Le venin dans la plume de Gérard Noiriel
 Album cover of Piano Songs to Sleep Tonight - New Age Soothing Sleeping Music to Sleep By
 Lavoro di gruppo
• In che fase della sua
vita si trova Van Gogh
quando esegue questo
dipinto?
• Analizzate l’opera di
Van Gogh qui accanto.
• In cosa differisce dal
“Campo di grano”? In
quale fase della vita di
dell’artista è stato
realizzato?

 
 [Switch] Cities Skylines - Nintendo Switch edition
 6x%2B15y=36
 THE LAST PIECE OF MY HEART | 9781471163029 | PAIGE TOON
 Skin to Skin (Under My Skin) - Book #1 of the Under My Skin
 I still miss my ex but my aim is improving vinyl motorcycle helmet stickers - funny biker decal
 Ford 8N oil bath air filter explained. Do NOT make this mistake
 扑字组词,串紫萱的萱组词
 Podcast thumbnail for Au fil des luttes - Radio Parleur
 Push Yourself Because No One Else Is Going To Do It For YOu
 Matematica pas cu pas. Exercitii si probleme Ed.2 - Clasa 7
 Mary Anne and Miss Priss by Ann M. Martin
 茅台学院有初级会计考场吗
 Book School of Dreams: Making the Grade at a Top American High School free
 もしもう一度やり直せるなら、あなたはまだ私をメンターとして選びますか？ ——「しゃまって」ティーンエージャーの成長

### REQUIREMENT
With no words changed, transcribe the records above.

### WRITTEN RESPONSE
Le venin dans la plume de Gérard Noiriel
 Album cover of Piano Songs to Sleep Tonight - New Age Soothing Sleeping Music to Sleep By
 Lavoro di gruppo
• In che fase della sua
vita si trova Van Gogh
quando esegue questo
dipinto?
• Analizzate l’opera di
Van Gogh qui accanto.
• In cosa differisce dal
“Campo di grano”? In
quale fase della vita di
dell’artista è stato
realizzato?

 
 [Switch] Cities Skylines - Nintendo Switch edition
 6x%2B15y=36
 THE LAST PIECE OF MY HEART | 9781471163029 | PAIGE TOON
 Skin to Skin (Under My Skin) - Book #1 of the Under My Skin
 I still miss my ex but my aim is improving vinyl motorcycle helmet stickers - funny biker decal
 Ford 8N oil bath air filter explained. Do NOT make this mistake
 扑字组词,串紫萱的萱组词
 Podcast thumbnail for Au fil des luttes - Radio Parleur
 Push Yourself Because No One Else Is Going To Do It For YOu
 Matematica pas cu pas. Exercitii si probleme Ed.2 - Clasa 7
 Mary Anne and Miss Priss by Ann M. Martin
 茅台学院有初级会计考场吗
 Book School of Dreams: Making the Grade at a Top American High School free
 もしもう一度やり直せるなら、あなたはまだ私をメンターとして選びますか？ ——「しゃまって」ティーンエージャーの成長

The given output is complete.